New Chromebooks bearing the name "Google Zork" have now appeared with AMD Ryzen chipsets in Geekbench benchmarks. Specifically, one Chrome OS gadget brings the AMD Ryzen 3 3250C while another was tested with the Ryzen 7 3700C.
Now, the AMD Ryzen 7 3700C Chromebook shown at the source bears a somewhat unrealistic score of over 4000 points on the single-core side and over 8000 points on the multi-core side. A closer examination of tests run for Zork shows that the device is comparable to top Intel Chromebooks that have already been released. For instance, it's slightly more powerful than the Intel Core i5- or i7-based Google Pixelbook Go.
The AMD Ryzen 3 3250C chipset spotted in various benchmarks falls just short of that same device's scores.

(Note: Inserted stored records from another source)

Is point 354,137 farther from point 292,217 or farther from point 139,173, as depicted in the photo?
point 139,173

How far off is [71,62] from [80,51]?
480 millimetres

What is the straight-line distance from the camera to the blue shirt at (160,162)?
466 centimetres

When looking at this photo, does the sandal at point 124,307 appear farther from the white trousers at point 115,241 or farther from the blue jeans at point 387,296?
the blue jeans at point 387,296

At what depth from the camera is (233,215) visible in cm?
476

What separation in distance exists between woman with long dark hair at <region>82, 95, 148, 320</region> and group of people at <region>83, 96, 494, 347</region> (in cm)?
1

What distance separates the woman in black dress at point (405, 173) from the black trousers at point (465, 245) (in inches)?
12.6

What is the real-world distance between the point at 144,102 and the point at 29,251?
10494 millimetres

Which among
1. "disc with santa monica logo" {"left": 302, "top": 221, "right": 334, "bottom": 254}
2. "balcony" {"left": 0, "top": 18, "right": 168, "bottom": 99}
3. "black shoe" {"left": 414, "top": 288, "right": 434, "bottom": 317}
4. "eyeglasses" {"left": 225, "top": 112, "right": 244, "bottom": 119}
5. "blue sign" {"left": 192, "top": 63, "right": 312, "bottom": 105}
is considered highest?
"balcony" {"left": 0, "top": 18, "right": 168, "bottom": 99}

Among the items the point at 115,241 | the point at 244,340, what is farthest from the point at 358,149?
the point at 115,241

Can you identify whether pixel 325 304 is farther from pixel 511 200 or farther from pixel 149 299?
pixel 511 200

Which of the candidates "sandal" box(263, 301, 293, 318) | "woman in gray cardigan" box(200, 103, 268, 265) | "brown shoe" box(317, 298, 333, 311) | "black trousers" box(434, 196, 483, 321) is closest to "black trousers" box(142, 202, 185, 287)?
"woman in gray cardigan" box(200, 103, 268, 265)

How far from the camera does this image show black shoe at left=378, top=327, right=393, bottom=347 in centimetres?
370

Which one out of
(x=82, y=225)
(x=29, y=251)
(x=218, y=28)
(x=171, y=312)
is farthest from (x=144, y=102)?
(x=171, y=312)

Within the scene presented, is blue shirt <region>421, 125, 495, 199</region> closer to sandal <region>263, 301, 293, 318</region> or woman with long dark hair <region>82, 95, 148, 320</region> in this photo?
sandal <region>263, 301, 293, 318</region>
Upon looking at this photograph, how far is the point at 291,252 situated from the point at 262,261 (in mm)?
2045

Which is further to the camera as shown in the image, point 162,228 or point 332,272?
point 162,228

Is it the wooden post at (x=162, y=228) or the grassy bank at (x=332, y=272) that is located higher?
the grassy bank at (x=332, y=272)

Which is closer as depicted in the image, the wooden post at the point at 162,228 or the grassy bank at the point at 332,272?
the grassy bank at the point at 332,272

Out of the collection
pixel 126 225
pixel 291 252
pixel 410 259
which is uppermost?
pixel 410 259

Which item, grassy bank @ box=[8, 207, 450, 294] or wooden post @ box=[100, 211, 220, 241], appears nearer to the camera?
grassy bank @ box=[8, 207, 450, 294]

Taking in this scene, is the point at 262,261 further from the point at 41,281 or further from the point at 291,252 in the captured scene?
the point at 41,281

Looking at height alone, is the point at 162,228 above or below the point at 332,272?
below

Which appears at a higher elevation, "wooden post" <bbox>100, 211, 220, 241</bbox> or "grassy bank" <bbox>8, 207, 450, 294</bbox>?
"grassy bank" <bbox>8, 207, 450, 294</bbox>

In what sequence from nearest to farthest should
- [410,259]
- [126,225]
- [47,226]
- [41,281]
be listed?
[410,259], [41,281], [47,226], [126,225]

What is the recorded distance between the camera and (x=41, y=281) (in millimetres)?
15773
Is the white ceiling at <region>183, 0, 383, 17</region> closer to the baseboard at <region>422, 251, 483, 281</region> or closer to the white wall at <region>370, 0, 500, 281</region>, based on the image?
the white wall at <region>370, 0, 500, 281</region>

There are a few other key differences worth noting in the benchmark readouts as well, muddying the waters with regard to any gauge of real-world performance. To begin with, the AMD Ryzen 7 chipset is accompanied by a Radeon Vega Gfx graphics. The more budget-friendly Ryzen 3 chip is utilizing Radeon Graphics. Those are likely different graphics chips, although they could ultimately just be labeled differently.
Both chipsets are running at the present power-efficient, low-temperature standards of Chrome OS with a 15W TDP rating. But the AMD Ryzen 7 3700C is a quad-core eight-thread chip with a base clock of 2.30GHz with 8GB RAM. The AMD Ryzen 3 series chip only delivers 4GB memory but is clocked at a base frequency of 2.6GHz.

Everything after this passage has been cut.